La idea del mundo como teatro y el hombre lanzado a esa gran palestra es la propuesta de Iván Prieto para la Sala de Exposiciones del ayuntamiento de A Coruña. La muestra la titula Ícarus porque el ourensano recupera el antiguo mito de Ícaro, ese que encandiló a artistas de todos los tiempos.

El ícaro de Prieto se convierte en un relato autobiográfico de sus últimos años en Berlín, ciudad en la que lleva instalado desde 2012. Y nos recuerda una vez más que no es llegar y besar el santo sino que todo debe ir a cámara lenta. Él también halló dificultades al entrar en un nuevo país y sufrió la sensación de asfixia, la falta de aire que a su vez lleva aparejada la inseguridad; son sentimientos con los que el espectador se siente identificado. Porque a todos se nos han fundido las alas en más de una ocasión, pero el mérito está en volver una y otra vez a emprender nuevos vuelos aún conociendo las limitaciones de cada uno.

Los variopintos personajes que pueblan la sala pertenecen a un creador realista en el sentido de que se enfrenta directamente con los males reales sentidos para exorcizarlos. A nivel estilístico sus figuras son expresionistas en las manchas que caen como lagrimones sobre el cuerpo escultórico. Las poses pensativas e introspectivas de muchos personajes, inmovilizados por los elementos que limitan sus movimientos, recuerdan la obra de Gehard Demetz.

Los ecos surrealistas se perciben en los miembros corporales desproporcionados, ausentes o adosados a elementos tan extraños al sujeto que devienen en hojas o atributos animalísticos. Son seres un tanto grotescos y extravagantes pero se hacen tiernos. Torsos y caras lívidas o demacradas, encerradas en su silencio hierático, tras el que se esconden. Otras figuras se desinhíben con tocados en forma de flor o cojín, exhibiendo discapacidades físicas o imperfecciones mentales, resaltados más por el potente colorido y fuerza expresiva de unas piezas elaboradas en su mayoría en cerámica.

Todos en su papel de cuerpos enfermos que celebran su fealdad o los batacazos de la vida. Vemos a freakys y a punks, un look tomado de la contemporaneidad berlinesa. En todo caso, figuras con mucho gancho. Prieto rinde homenaje y retiene la fragilidad, el exceso y la carencia, por ejemplo de aire.
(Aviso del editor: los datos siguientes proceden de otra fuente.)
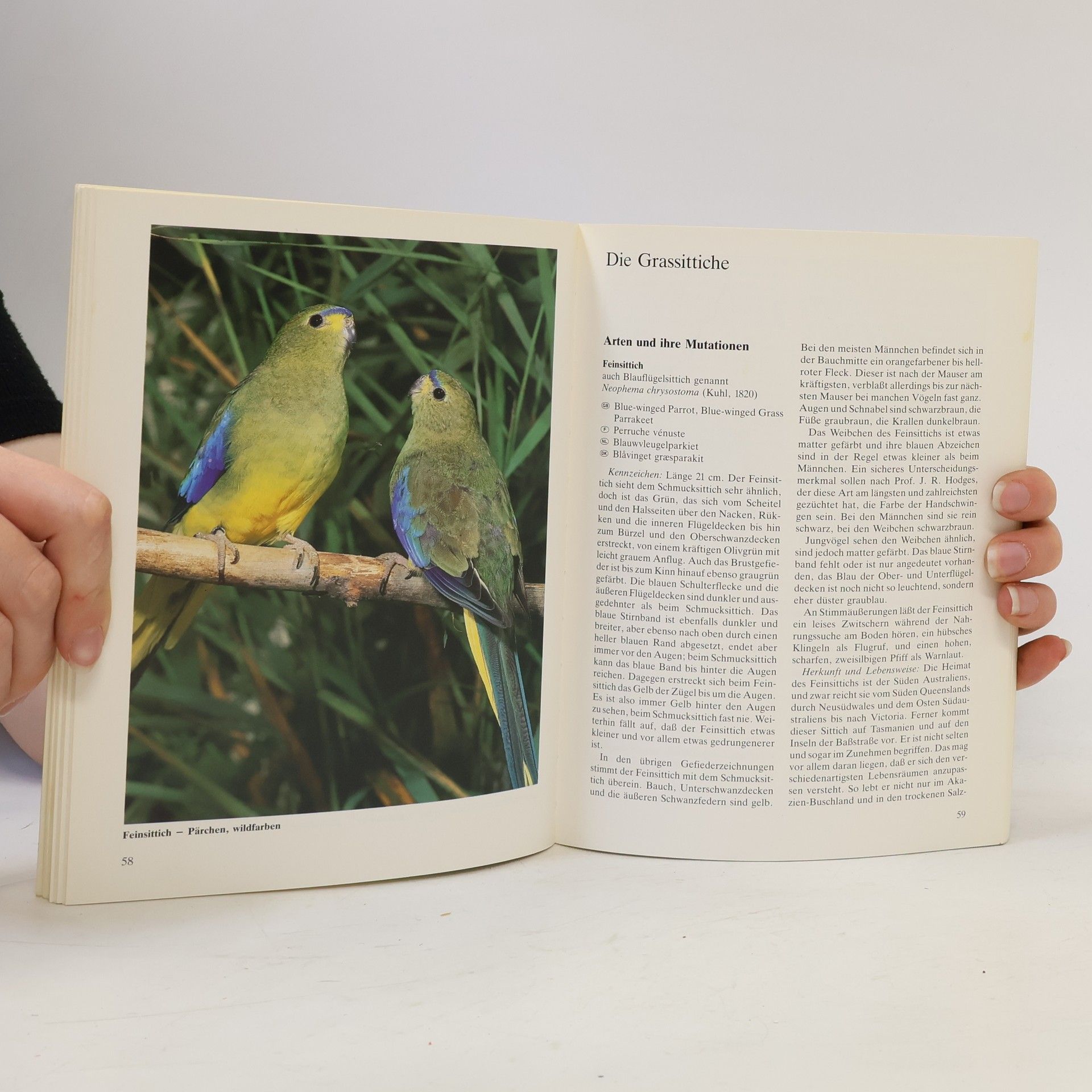 Horst Bielfeld Grassittiche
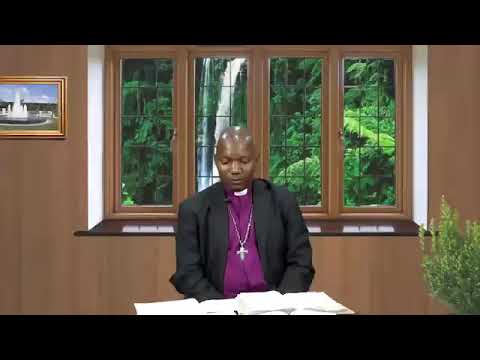 THE DAILY FOUNTAIN OF AUGUST 23, 2017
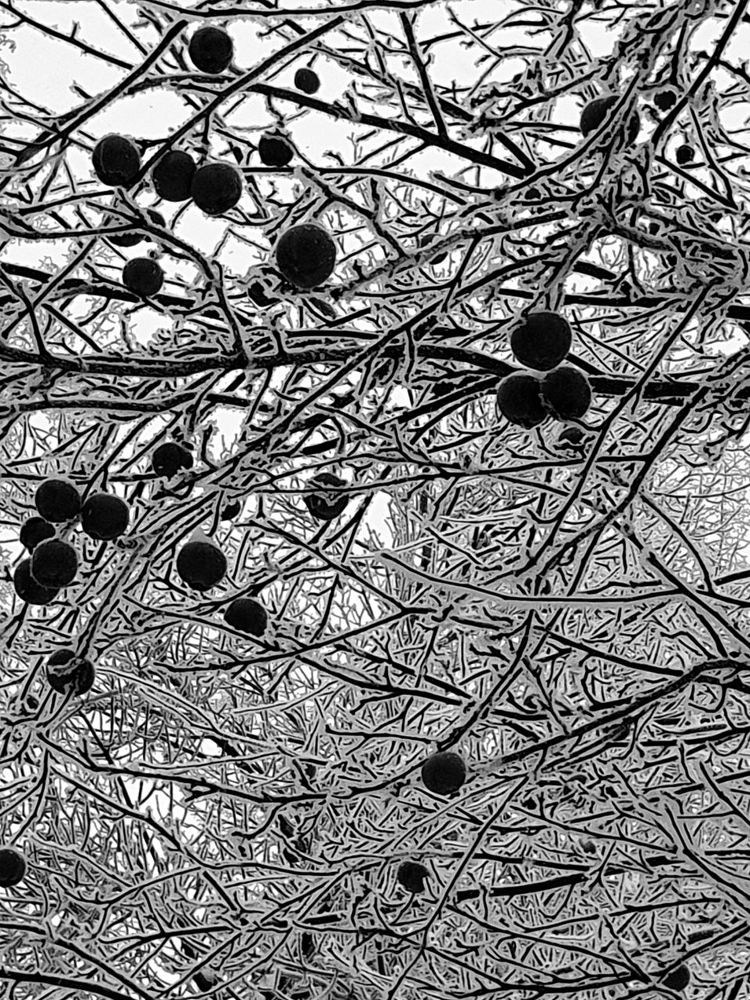 Photograph by Александра Борисовна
Ahí están muchos seres expulsando bocanadas o henchidos de ese elemento tan vital.

El arte aspira a superar nuestras limitaciones en una permanente invitación al vuelo de la utopía. Sigan volando, porque el aire lo suministra la obra de Iván Prieto. Pasen y véanla, la Plaza de María Pita se abre de par en par para hacer volar la imaginación.